I should note that I’m writing this during Bread and Butter, Berlin’s premier fashion week, when areas like Mitte (and the newly hot Wedding) are overrun with pretty boys and girls. What sounds would best suit this mood? Well, I’ve found yet another trashy bit of Berlin-flavoured music, this time in the form of a somewhat tepid number by R&D (from Birmingham, England, from what I can tell). “Berlin,” from 1984, is an utterly frivolous take on East/West relations and with lyrics like “In Berlin/Only the birds fly free” and “But if only I could reach/Over this wall and shake hands” had as little to do with the coming down of the wall as that Americanische Engel, Herr Hasselhof.
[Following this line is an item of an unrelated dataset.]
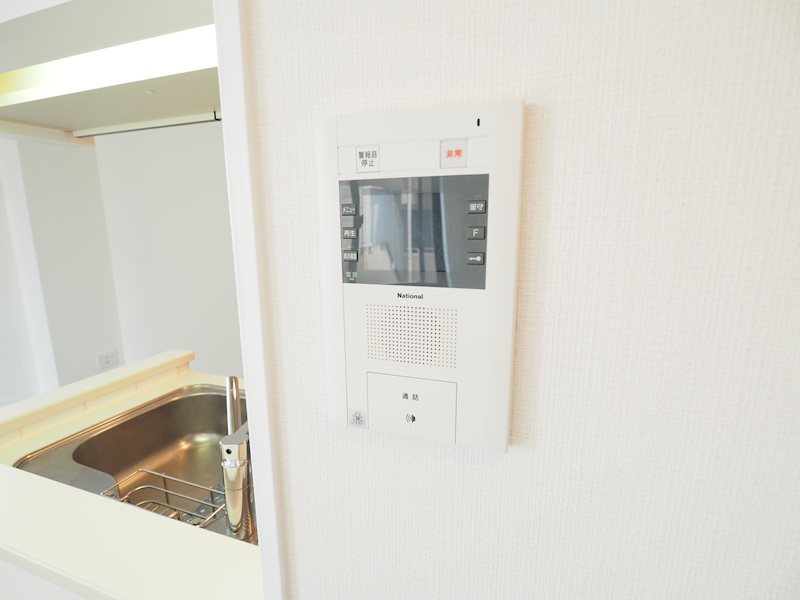 レジディアタワー中目黒9階 部屋その他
It’s got a bit of a low-fi ELO feel, which is somewhat disarming and manages to almost salvage the song’s sentiment. Don’t say I didn’t warn you. Listen and then delete.
And for a taste of Helsinki’s mean streets, I also give you Helena Siltala and “Ranskalaiset Korot,” a nice light jazzy number, which conjures up images of a slinky Finnish city. I saw a moving karaoke version of this while en route to Stockholm from Finland last year. Moving because it was a cruise ship; the original stands, or rather, walks alone.